▸ TASK OBJECTIVE: Given the records underneath, please repeat exactly the lines from the line with "Душевая штанга Grohe" through the line with "Amanda Uprichard 100%", passing over any picture.

▸ DATASET ENTRIES:
#####
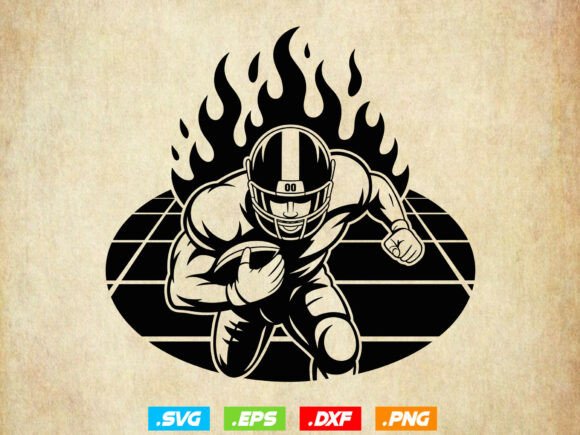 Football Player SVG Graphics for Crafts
#####
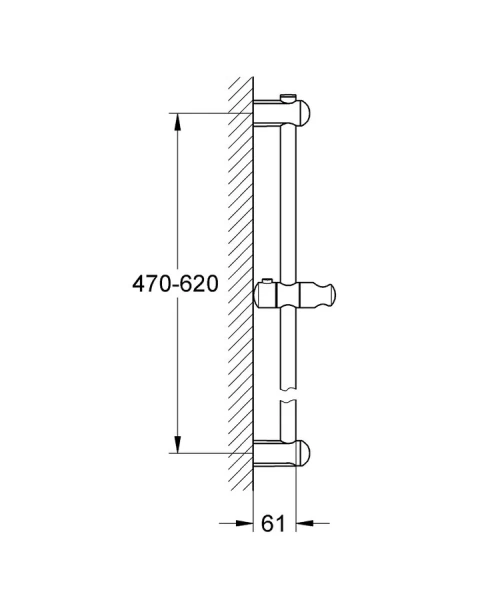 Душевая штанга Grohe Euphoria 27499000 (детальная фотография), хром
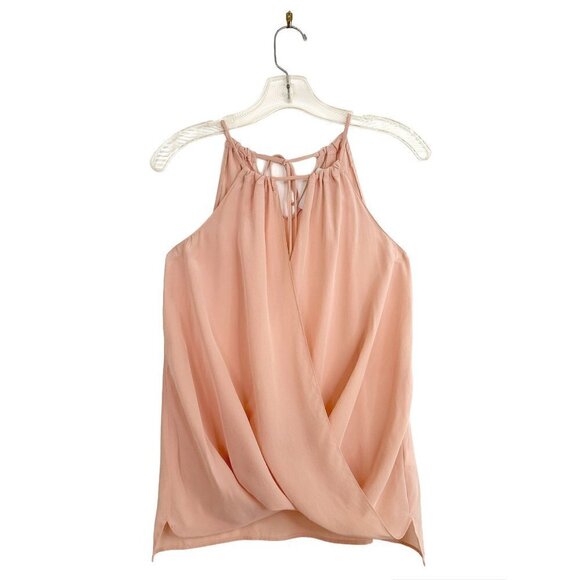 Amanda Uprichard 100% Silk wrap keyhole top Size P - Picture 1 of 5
#####
▸ RESPONSE AREA:
 Душевая штанга Grohe Euphoria 27499000 (детальная фотография), хром
 Amanda Uprichard 100% Silk wrap keyhole top Size P - Picture 1 of 5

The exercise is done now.